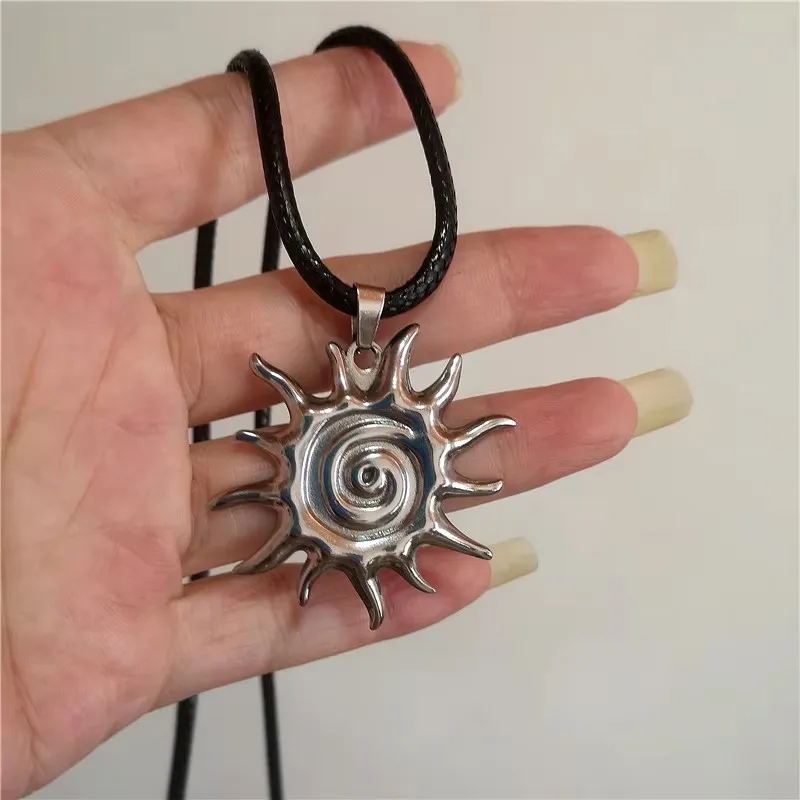 فاسق القوطي الفولاذ المقاوم للصدأ المعادن دوامة الشمس الصليب الأحمر القلب قلادة سميكة طويلة الجلود حبل قلادة الرجال النساء إكسسوارات جذابة #5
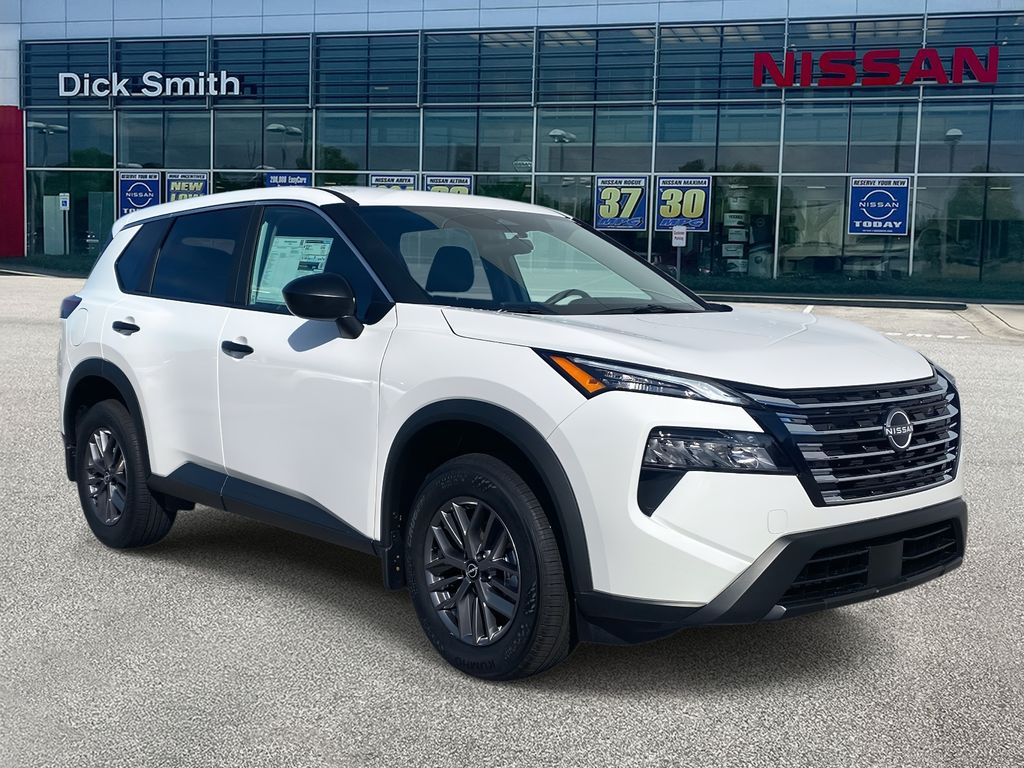 2026 Nissan Rogue S's photo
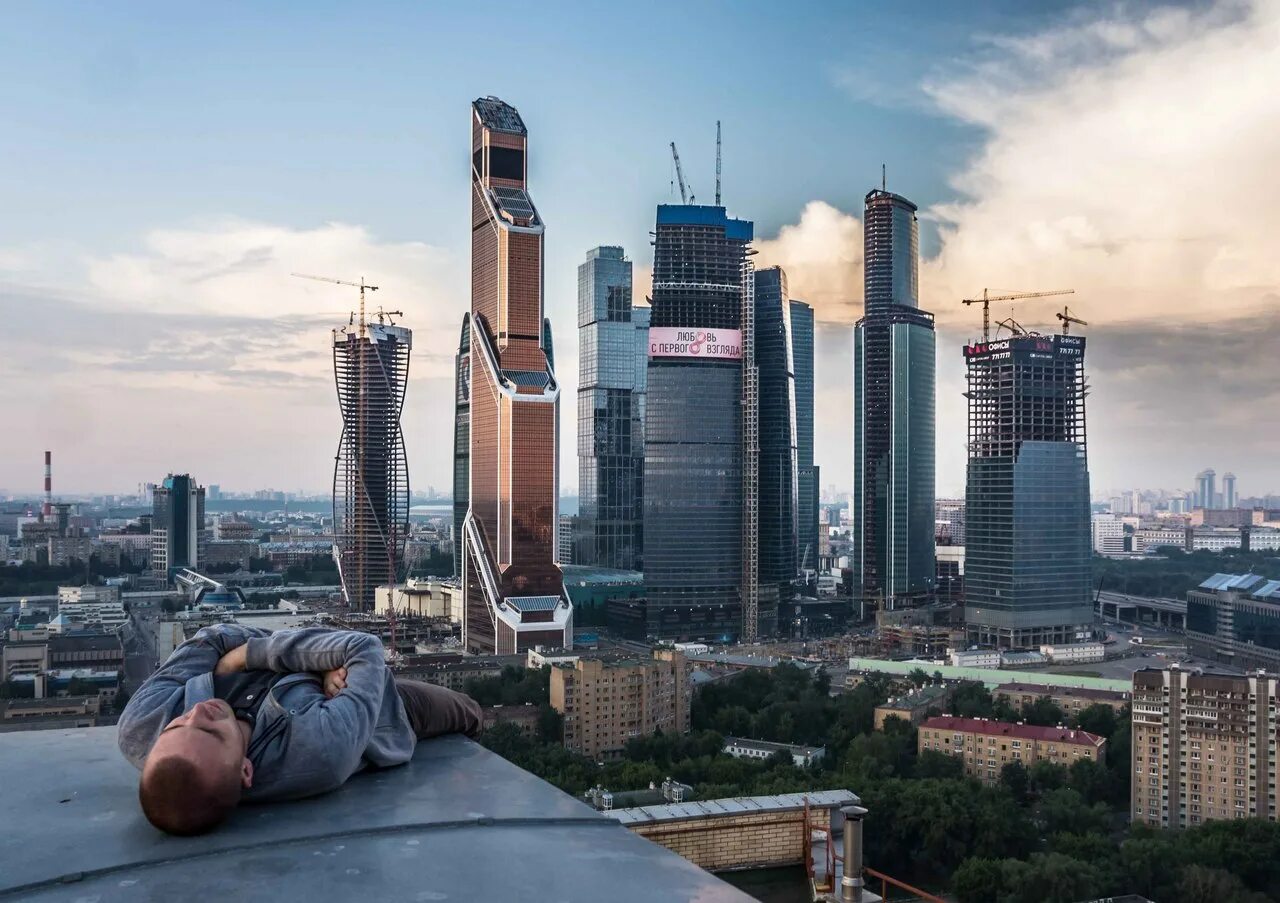 Москва сити необычный ракурс. Москва сити необычный ракурс. Небоскребы вид снизу. Ракурс сити. Москва сити 2001.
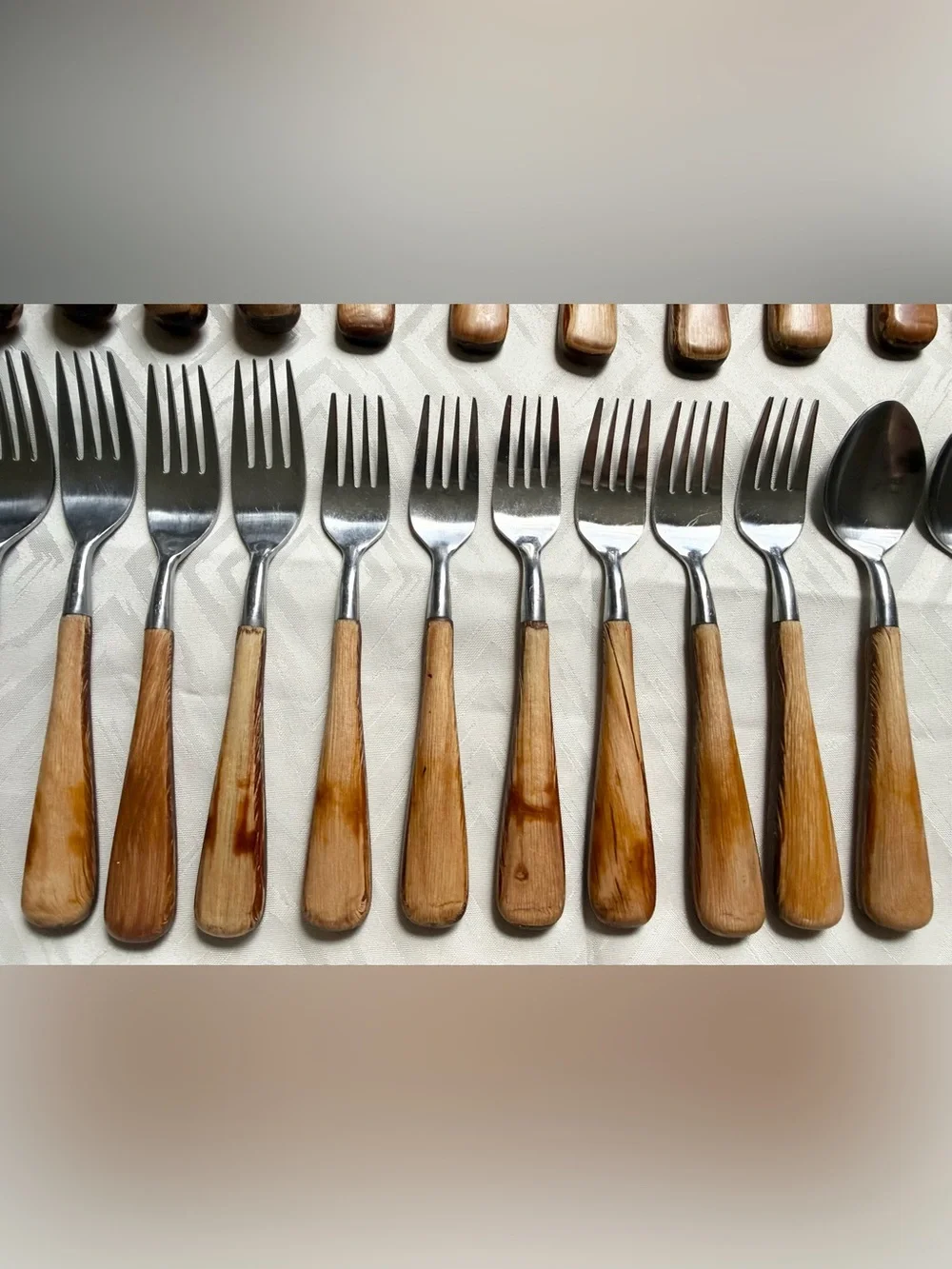 41 VTG Aspen Trend Pacific Japan Wood-Handle Flatware Set Stainless Steel Wooden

__PROBLEM REQUIREMENTS__: Quote each line of the listing exactly, but leave the pictures out.

__ANSWER FOR THE TASK__:
 فاسق القوطي الفولاذ المقاوم للصدأ المعادن دوامة الشمس الصليب الأحمر القلب قلادة سميكة طويلة الجلود حبل قلادة الرجال النساء إكسسوارات جذابة #5
 2026 Nissan Rogue S's photo
 Москва сити необычный ракурс. Москва сити необычный ракурс. Небоскребы вид снизу. Ракурс сити. Москва сити 2001.
 41 VTG Aspen Trend Pacific Japan Wood-Handle Flatware Set Stainless Steel Wooden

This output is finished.